Task brief – Quote word for word from the line holding "Dezmembram audi a4" to the last line below, including both, and omit any pictures.

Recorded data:
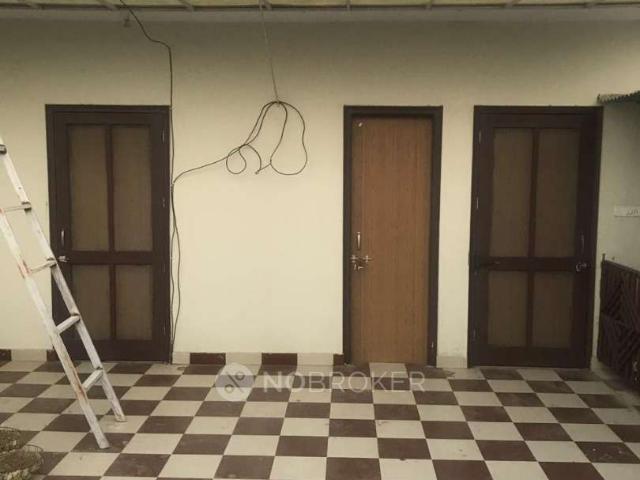 2 BHK Flat for Rent In Sector 31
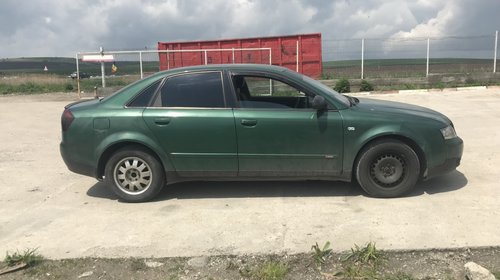 Dezmembram audi a4 b6 2000 benzina anul 2001 euro 4 tip motor alt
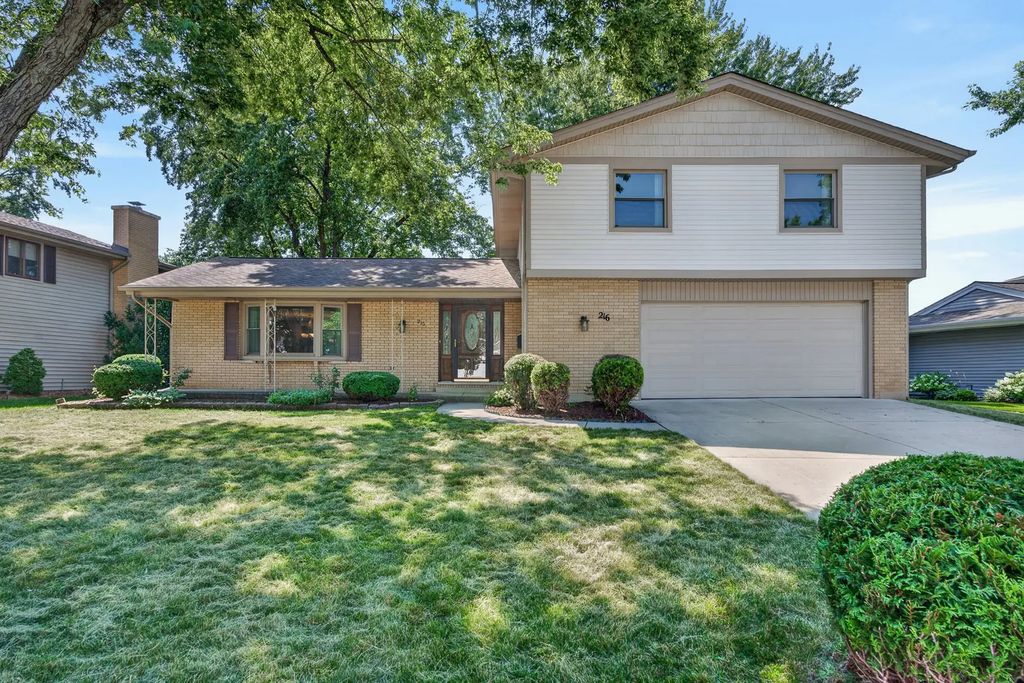 216 Samoset Lane, Schaumburg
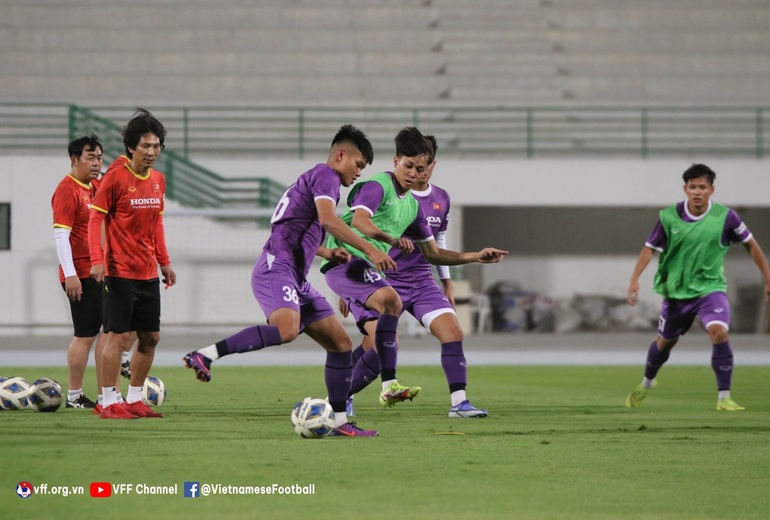 U23 Việt Nam bật nhạc sàn trong buổi tập đầu tiên ở UAE - 7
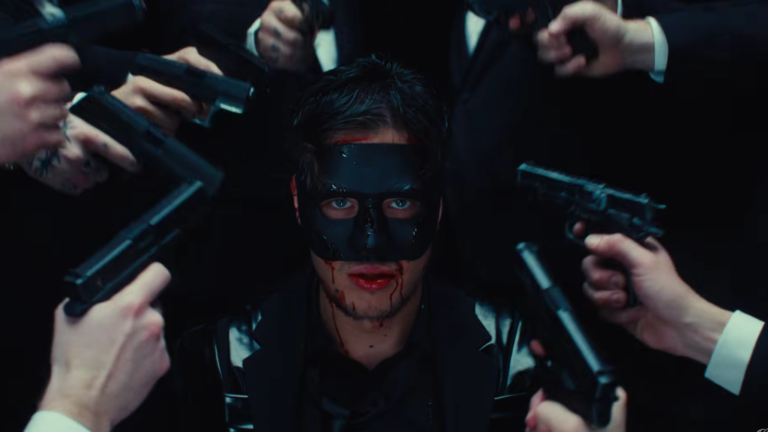 „Érdekes, saját maguknál nem tartanak razziákat” – kritikus hangvételű dallal jelentkezett T. Danny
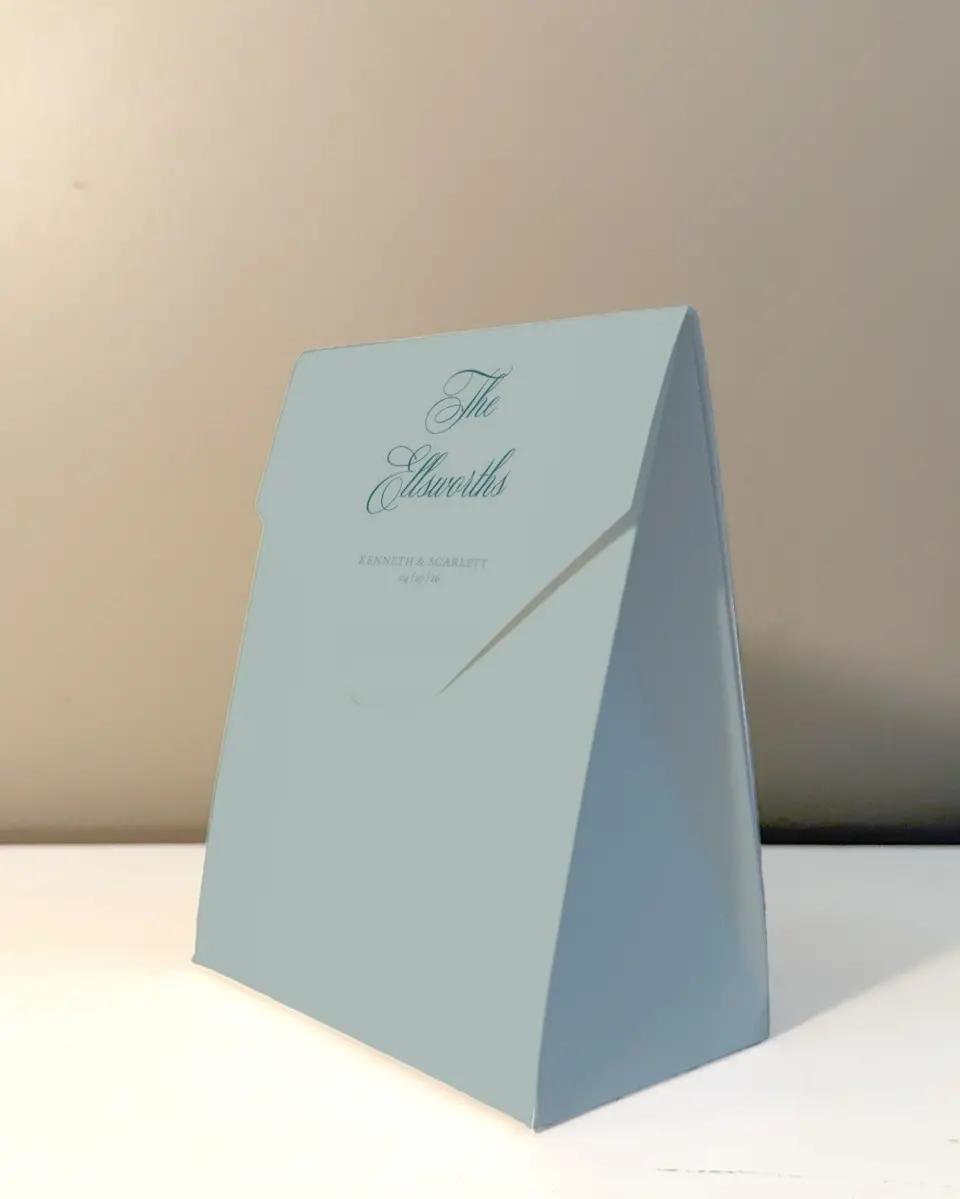 This is a 5" x 7" Wedding Favor Boxe called Delicate Vintage printed in full color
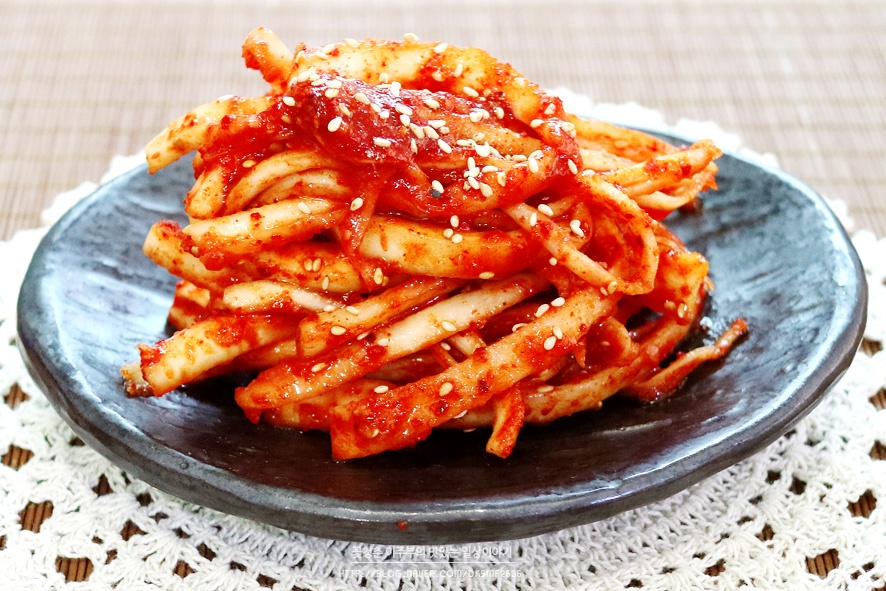 이 반찬이면 밥 몇공기 가능하시나요? | 인스티즈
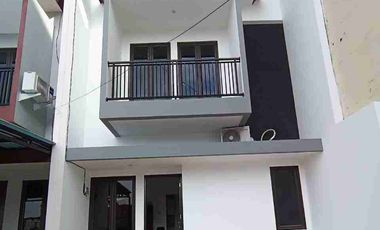 Rumah Cluster Ciledug Siap Huni Bebas Banjir Dekat Halte Busway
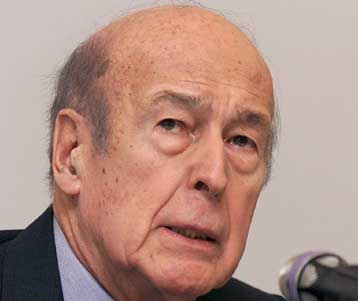 Ο Μπερλουσκόνι να ξεκαθαρίσει τη θέση του για την ΕE, τονίζει ο Ζισκάρ ντΕστέν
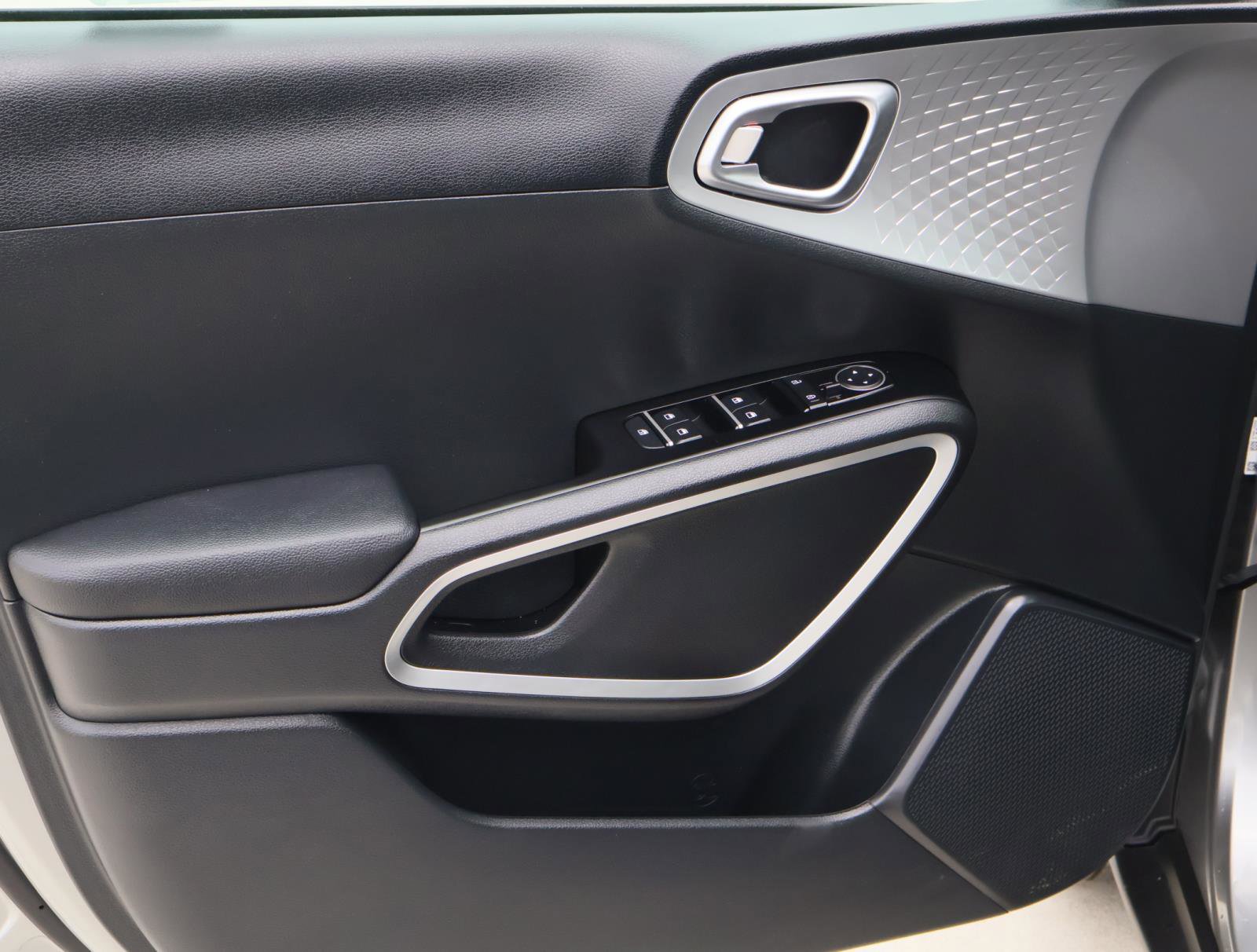 Used 2023 Kia Soul LX w/ LX Technology Package image 14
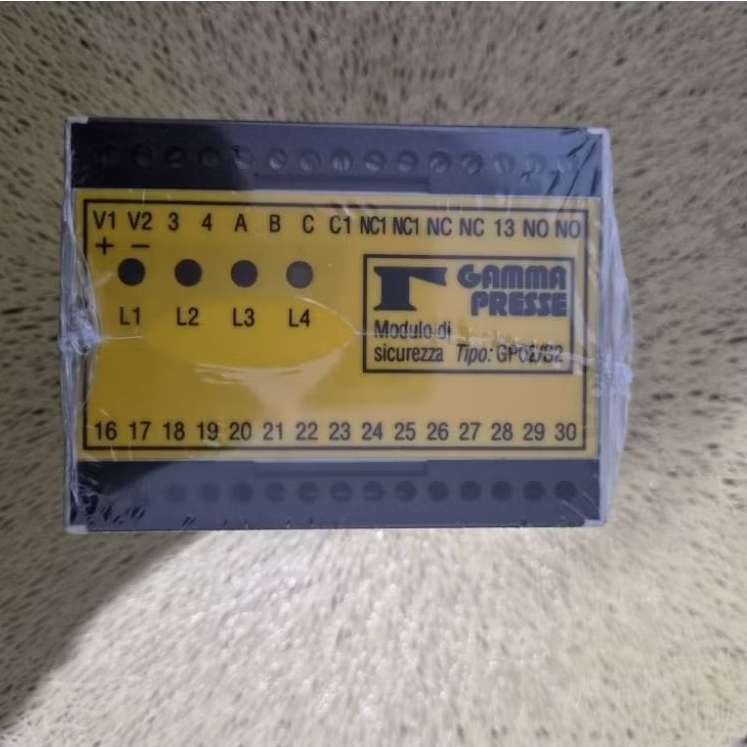 SAFETY RELAY GAMMA PRESSE GP02/S2 24VDC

Result of this exercise –
 Dezmembram audi a4 b6 2000 benzina anul 2001 euro 4 tip motor alt
 216 Samoset Lane, Schaumburg
 U23 Việt Nam bật nhạc sàn trong buổi tập đầu tiên ở UAE - 7
 „Érdekes, saját maguknál nem tartanak razziákat” – kritikus hangvételű dallal jelentkezett T. Danny
 This is a 5" x 7" Wedding Favor Boxe called Delicate Vintage printed in full color
 이 반찬이면 밥 몇공기 가능하시나요? | 인스티즈
 Rumah Cluster Ciledug Siap Huni Bebas Banjir Dekat Halte Busway
 Ο Μπερλουσκόνι να ξεκαθαρίσει τη θέση του για την ΕE, τονίζει ο Ζισκάρ ντΕστέν
 Used 2023 Kia Soul LX w/ LX Technology Package image 14
 SAFETY RELAY GAMMA PRESSE GP02/S2 24VDC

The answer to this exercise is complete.